WASHINGTON -- Gov. Bill Clinton's blueprint for a renewed America is as much social engineering as it is economic reform.
The core elements of the plan, a middle-class tax cut and improved education, have as much to do with equity as with the economy. But its overall aim is clear: to boost productivity, investment and growth, energizing recovery.
There is considerable question among experts whether, in its present form, it would do that, but it is expected to be refined as the Arkansas governor's hold on the Democratic nomination strengthens and the prospect of challenging President Bush looms closer.
His approach grows out of the conviction that the Bush-Reagan years have been economically disastrous, that the lingering recession was worsened by White House economic mismanagement and that Mr. Bush's policies have compounded two decades of substandard economic growth and are still largely based on tax breaks for the rich.

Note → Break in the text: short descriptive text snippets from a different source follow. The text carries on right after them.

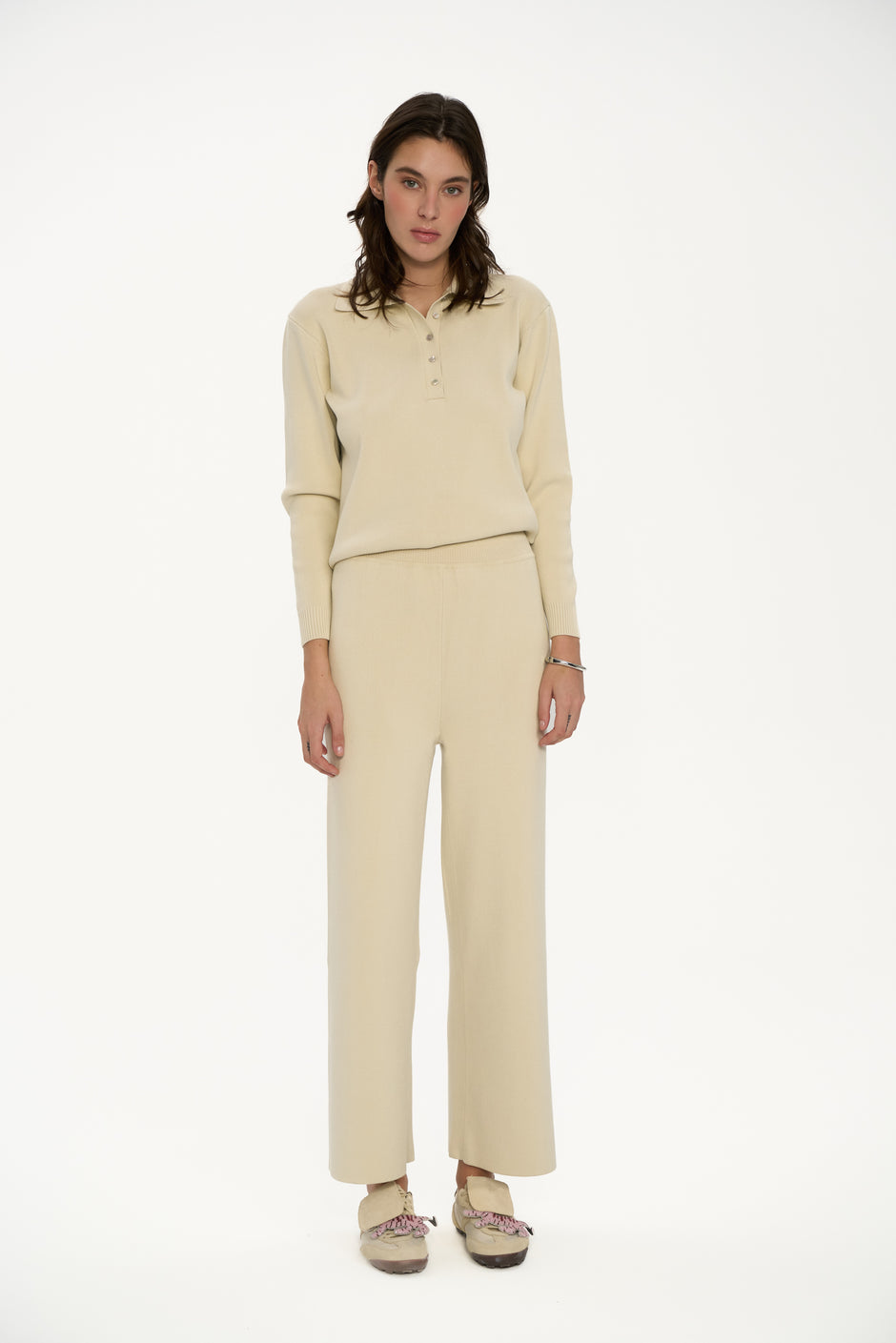 Woman wearing a beige outfit on a white background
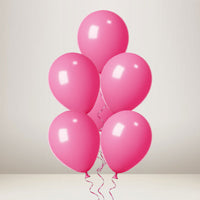 Five glossy pink balloons clustered together with thin pink strings, photographed against a soft light gray studio background.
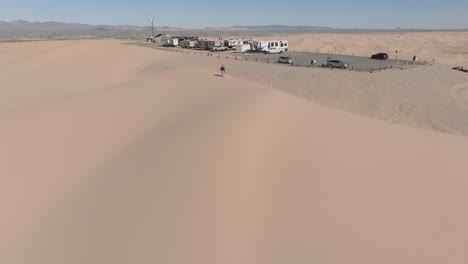 Approaching-Sand-Dune-Camping-Spot-with-Drone,-Aerial-Shot-of-RV's-and-Trailers-Set-Up-by-Desert-Sand-Dune-Landscape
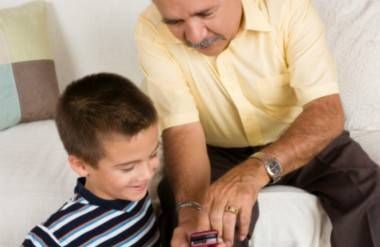 grandfather teaching grandson how to use cell phone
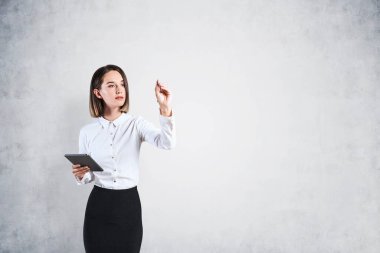 Tablet yazısıyla ciddi bir iş kadını.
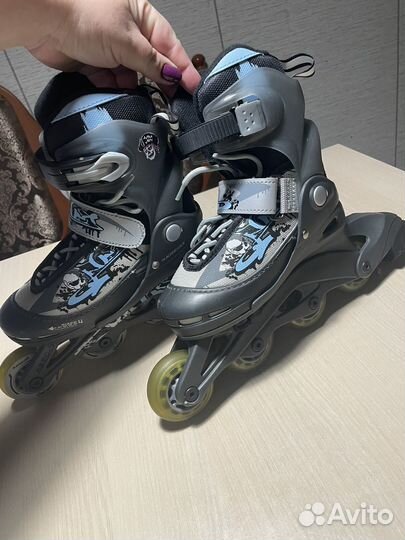 Роликовые коньки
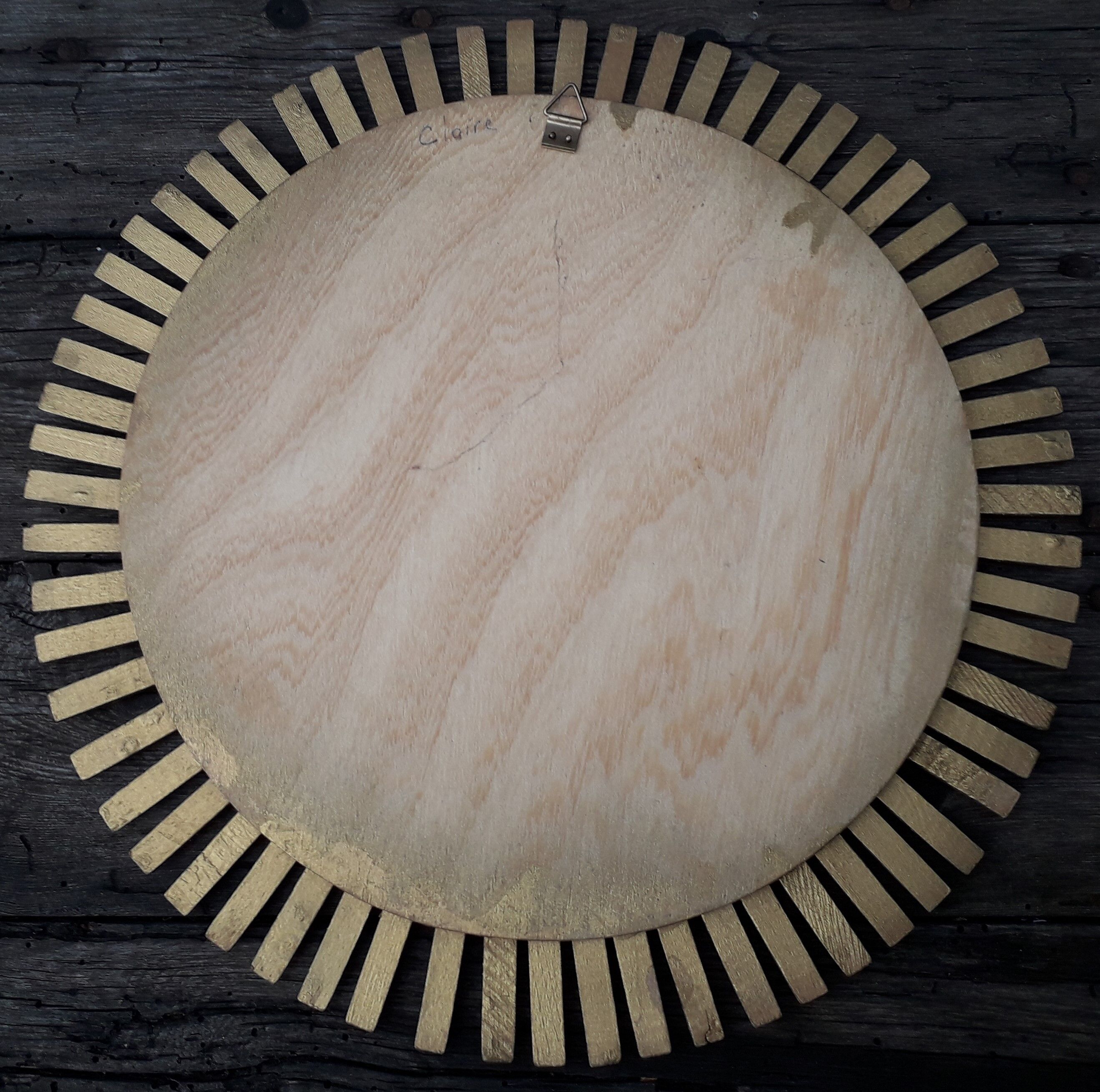 sun mirror in clothespins in gilded wood 32 x32 cm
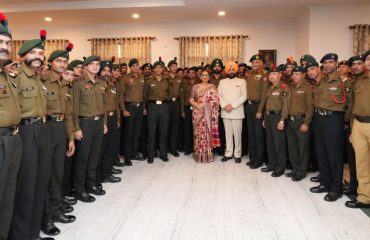 Governor Lt Gen Gurmit Singh (Retd) with army personnel deployed in Dehradun.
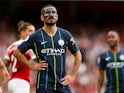 Ilkay Gundogan poses with his face mask during the Premier League game between Arsenal and Manchester City on August 12, 2018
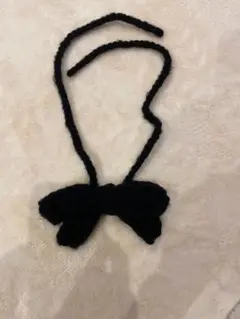 黒いリボン型犬用アクセサリー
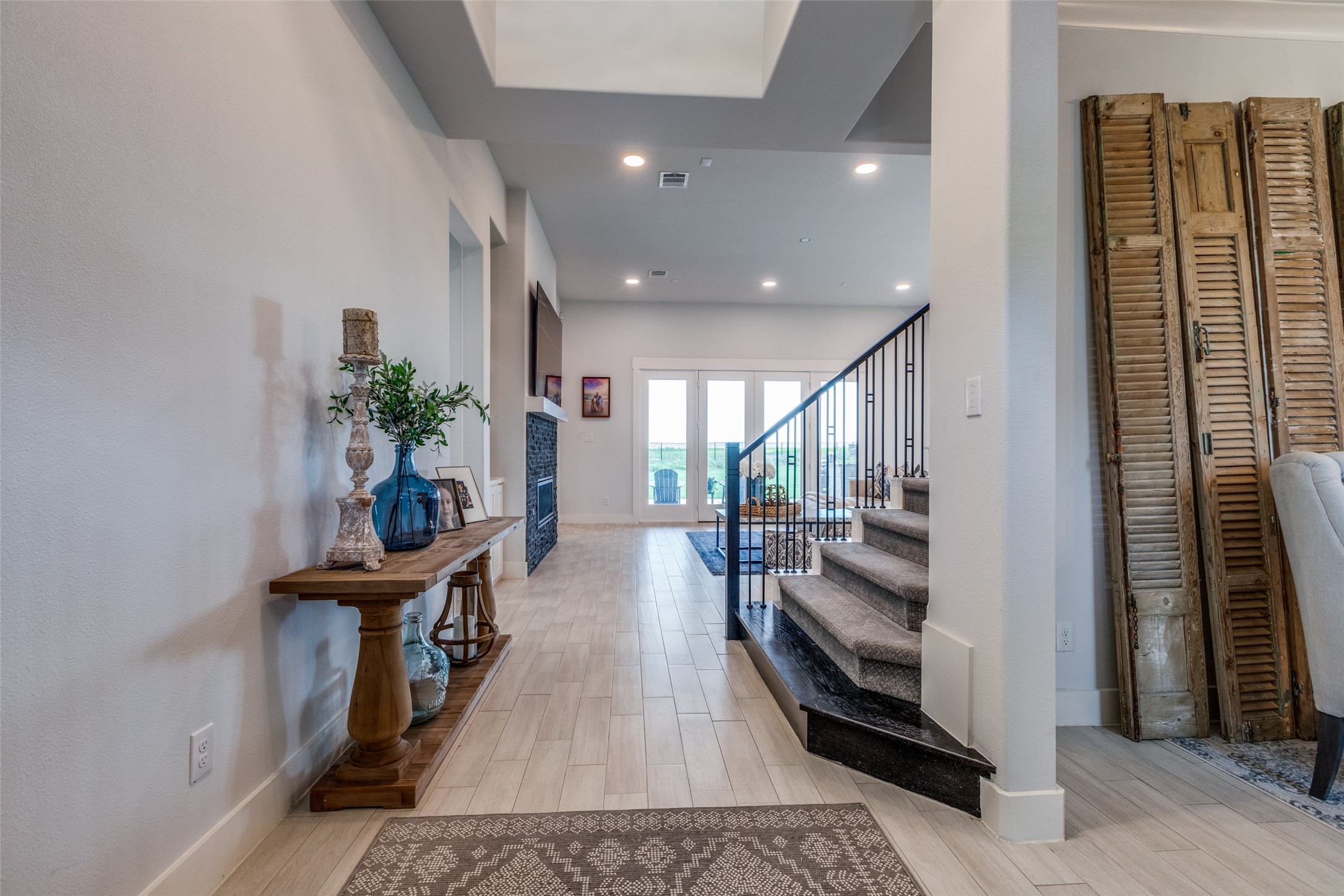 Entry hall with a wood console table, carpeted staircase, and glass doors opening to a patio.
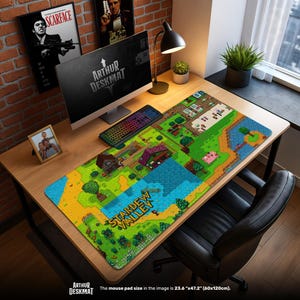 May include: A large rectangular desk mat with a pixelated landscape design and the text "STARDEW VALLEY". The mat measures 60cm x 120cm. A computer, keyboard, and other desk accessories are on the wooden desk. The desk mat is a vibrant green, blue, and yellow.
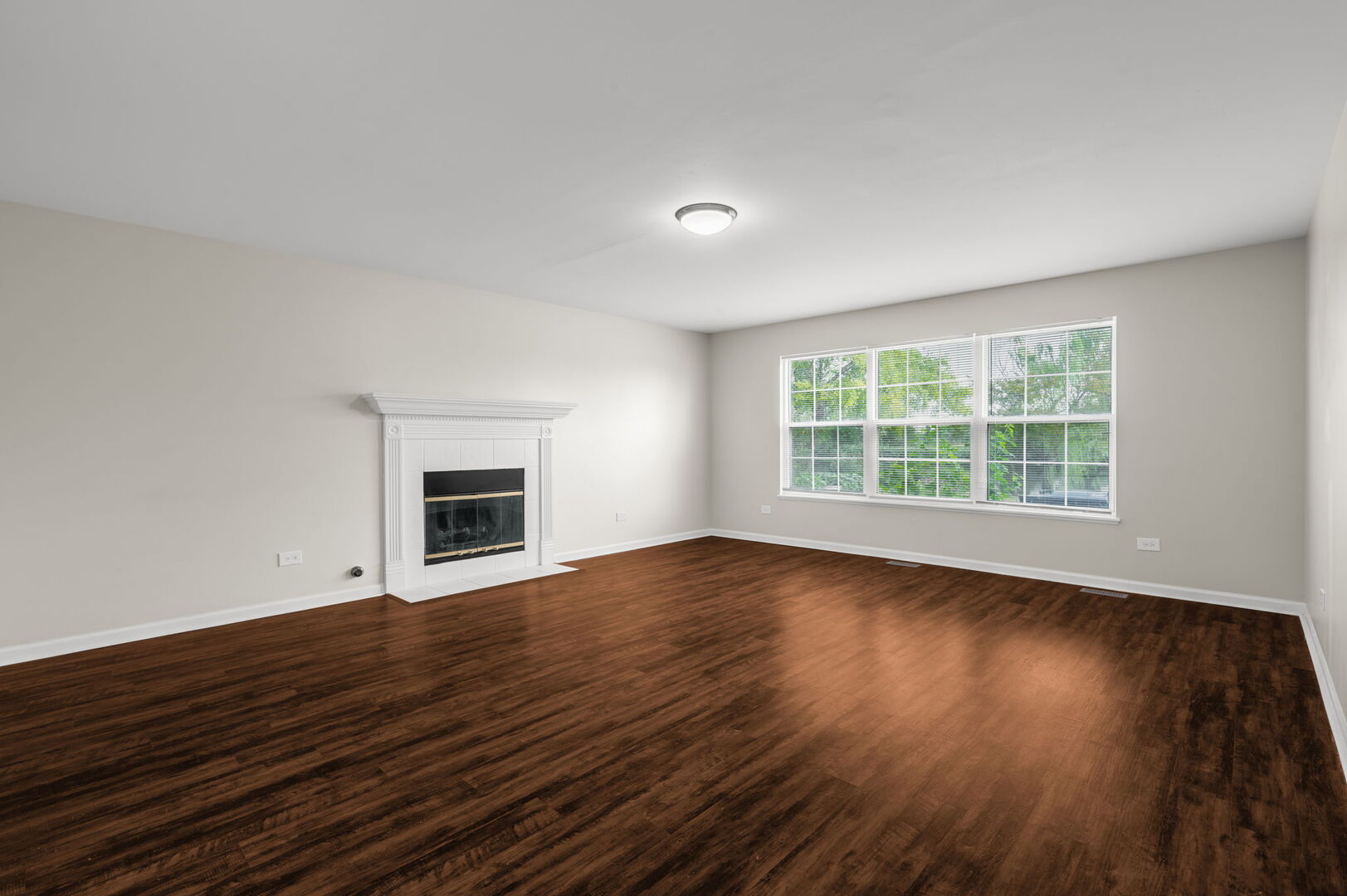 4508 Azalea Avenue Monee, IL 60449 - Photo 12 of 26 a view of an empty room with wooden floor and a window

Using that indictment as a starting point, Mr. Clinton and his advisers have crafted a reform program, but critics say it is in the old tax-and-spend Democratic tradition.
"It's the same old looter's mentality that you find among many people on the left, in other words, we have to steal from one group to give to another," said Edward L. Hudgins, a fellow with the conservative Heritage Foundation.
Robert J. Shapiro, director of economic studies at the Progressive Policy Institute and coordinator of the Clinton economic program, said, "This is not just about blame.
"The real question is, who has a strategy for re-creating the kind of growth that was routine in this country in the 1950s and '60s, the kind of growth that generates upward mobility for most people."
To get that growth, a Clinton administration would spur public and private investment in industry and seek to open productive opportunities for workers through education.
"You cannot get growth without increasing the access of all people to the means of being more productive," said Mr. Shapiro, a Baltimore native.
Mr. Clinton's plan calls for total reform of the education system, including national achievement standards for students, freedom for parents to select their child's school, and teacher pay linked to classroom performance.
He would introduce an apprenticeship partnership between high schools and local industries to get students not bound for college into job training. For college students, he would offer financial aid for anyone willing to repay the government, either through withholdings from their eventual pay or through two years of national service.
"This is not interest-group politics. This is fundamental reform of the entire way we educate and train young people, based on the presumption that our fundamental capacity to compete in the world economy depends on it," Mr. Shapiro said.
Mr. Clinton's emphasis on education is matched by Robert D. Reischauer, director of the Congressional Budget Office. Mr. Reischauer told a congressional panel recently that, after deficit reduction, his next priority for promoting economic growth would be improving education, particularly at the elementary and high school levels. He said his third priority would be to improve worker training.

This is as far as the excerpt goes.